ACL 2025 (Findings) Reasoning Self-Critic Chain-of-Thought Step-by-Step Reasoning Critic Weakly Supervised Data Construction Iterative Refinement System-2 Thinking

Critic-CoT: Boosting the Reasoning Abilities of Large Language Model via Chain-of-Thoughts Critic¶

Conference: ACL 2025 (Findings)
arXiv: 2408.16326
Code: GitHub
Area: LLM Reasoning
Keywords: Self-Critic, Chain-of-Thought, Step-by-Step Reasoning Critic, Weakly Supervised Data Construction, Iterative Refinement, System-2 Thinking

TL;DR¶

This paper proposes the Critic-CoT framework, which transitions LLM self-criticisms from System-1 intuitive judgments to System-2 deliberate step-by-step analyses through a step-by-step Chain-of-Thought critic paradigm and automated weakly supervised data construction without human annotation. Two-stage training (GPT-4 distillation + self-criticism) improves Llama-3-70B-Instruct performance on GSM8K from 89.6% to 95.4% and on MATH500 from 50.4% to 68.4%. Additionally, it is discovered that criticism capabilities and task-solving capabilities can mutually reinforce each other.

Background & Motivation¶

Background: Self-criticism (Self-Critic) has become a key mechanism for improving the reasoning capabilities of LLMs. Methods such as Reflexion and Self-Refine enable models to generate feedback on their own outputs and iteratively improve them, reducing the reliance on external human annotation.

Limitations of Prior Work: - (Coarse Criticism Granularity) Existing self-criticism methods mostly employ simple prompting to ask the model to directly point out errors in the entire response (instance-level). This resembles fast, intuitive System-1 thinking in cognitive science, resulting in low criticism accuracy. - (Lack of Specialized Training) Models are typically not specifically trained for criticism capabilities, meaning they naturally lack the ability to thoroughly analyze the correctness of each reasoning step and precisely locate the first erroneous step. - (Unclear Relationship between Criticism and Solving) The relationship between criticism capability and task-solving capability has not been deeply investigated—does training the model to criticize harm its original solving capability? Can the two synergize?

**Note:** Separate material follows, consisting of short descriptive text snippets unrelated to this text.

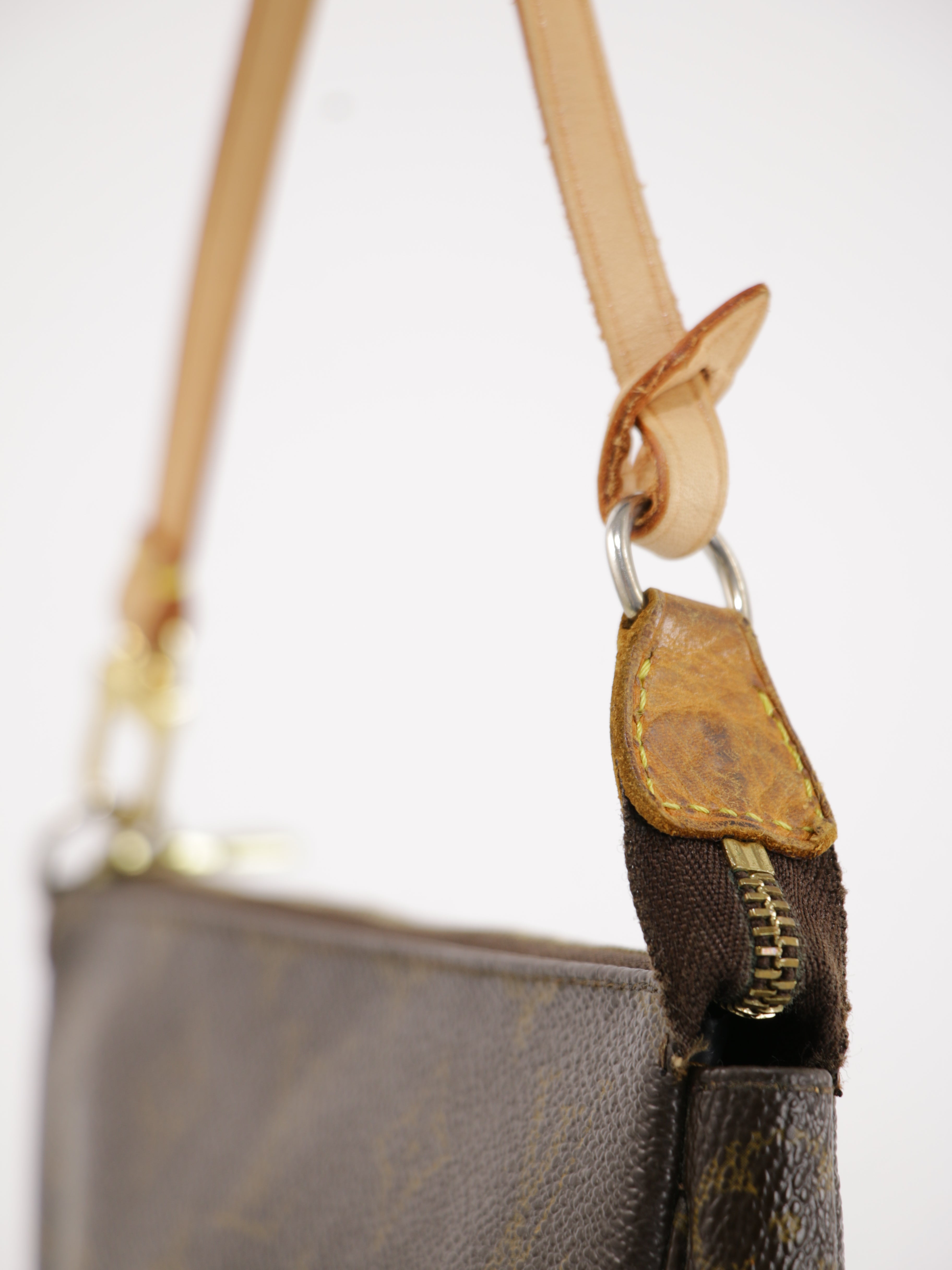 Accessories Pochette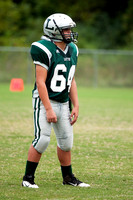 Loftis vs Signal Mtn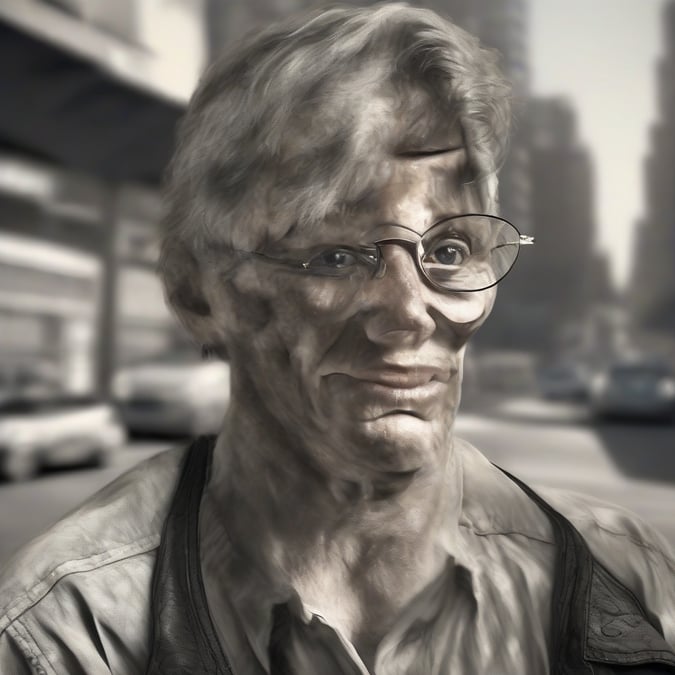 Nueva Revelación Epstein: Testimonio de Víctima Revela que Trump Estaba en Llamada Durante Episodio de Abuso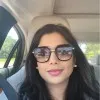 Deepti Jadhao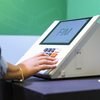 Lula venceria todos os rivais no segundo turno se eleição para Presidente da República fosse hoje - Luiz Roberto/TSE
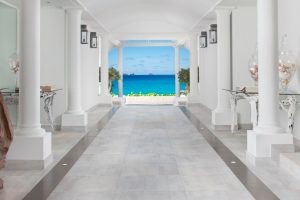 saint barth isle de france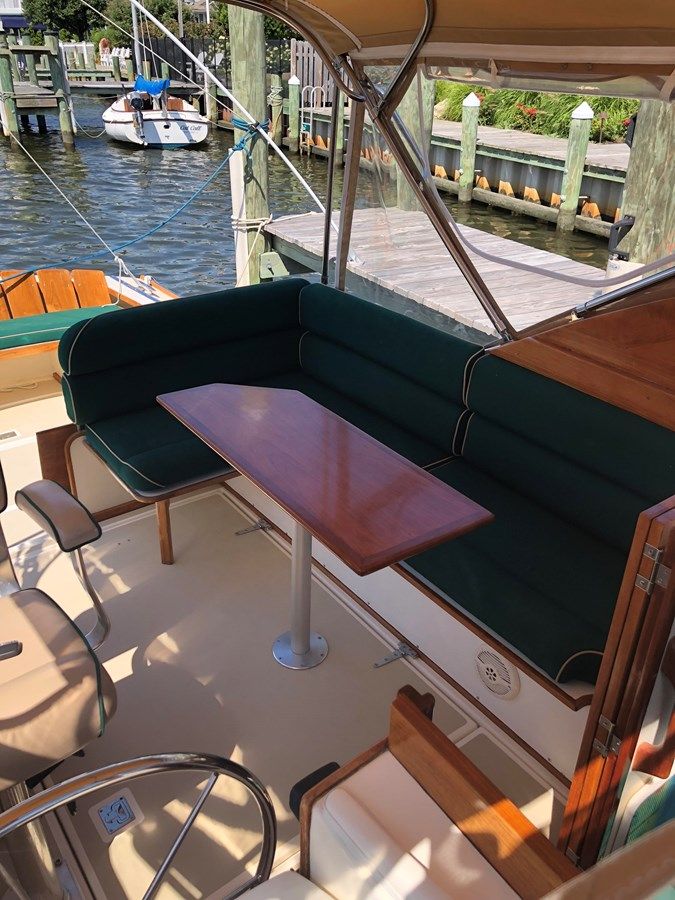 Dulce Dyer 29' Soft Top price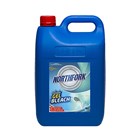 Bleach  Mould Killers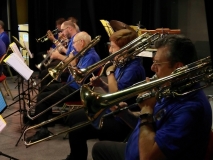 Concert-Ete-22-072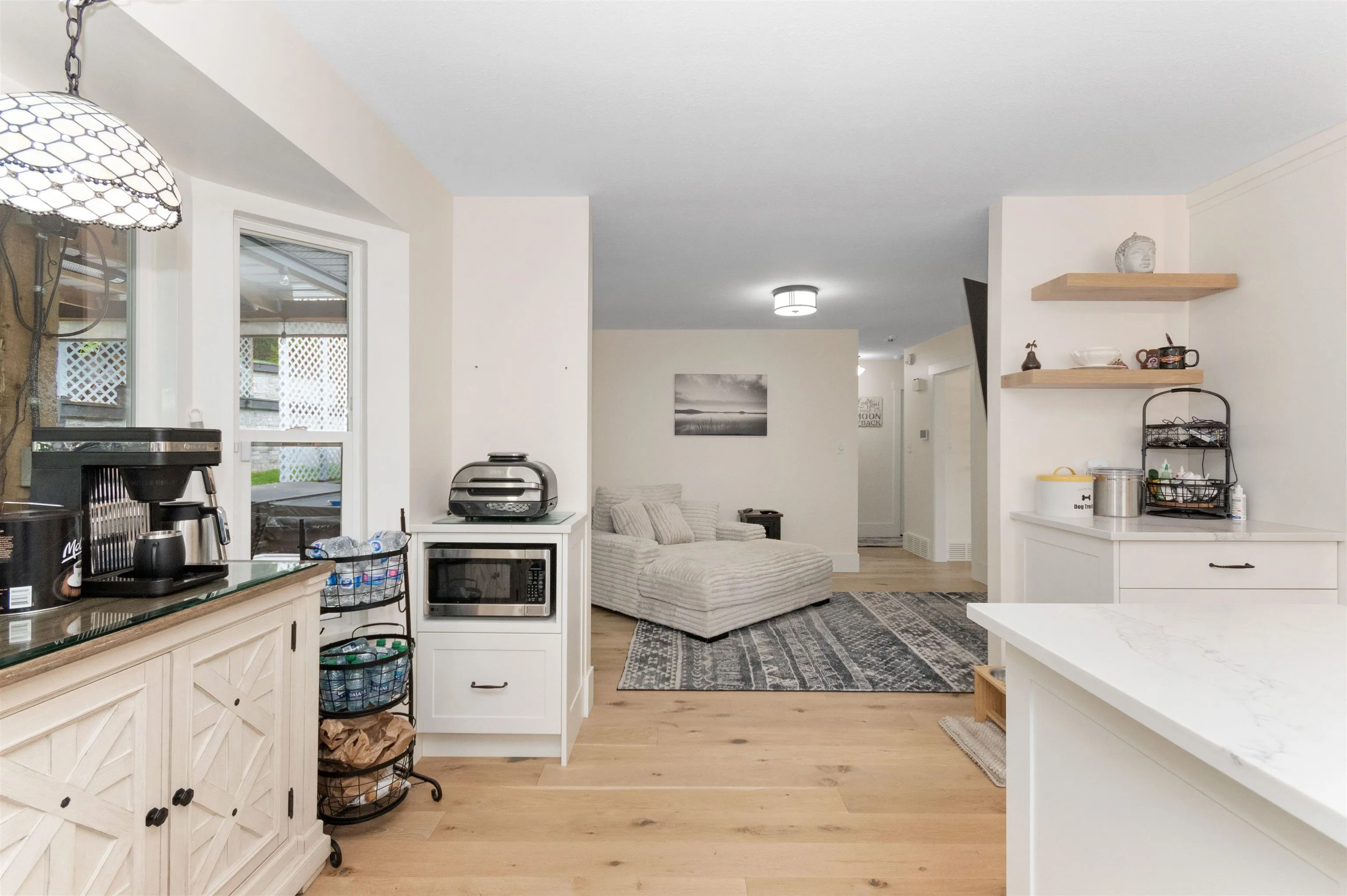 3038 Mcmillan Road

Key Challenge: Enabling a model to "criticize" a reasoning process is a complex task. It requires understanding the correctness of each step and precisely locating the first error. However, existing methods lack structured criticism formats and matching large-scale training data (manually annotating reasoning steps is extremely expensive).

Key Insight: Utilizing a step-by-step CoT criticism format enables controlled, weakly supervised data construction. The key insight is that "as long as the criticism successfully locates the error and the corrected answer is correct, the criticism can be deemed valid," eliminating the need for human annotation of the correctness of each step.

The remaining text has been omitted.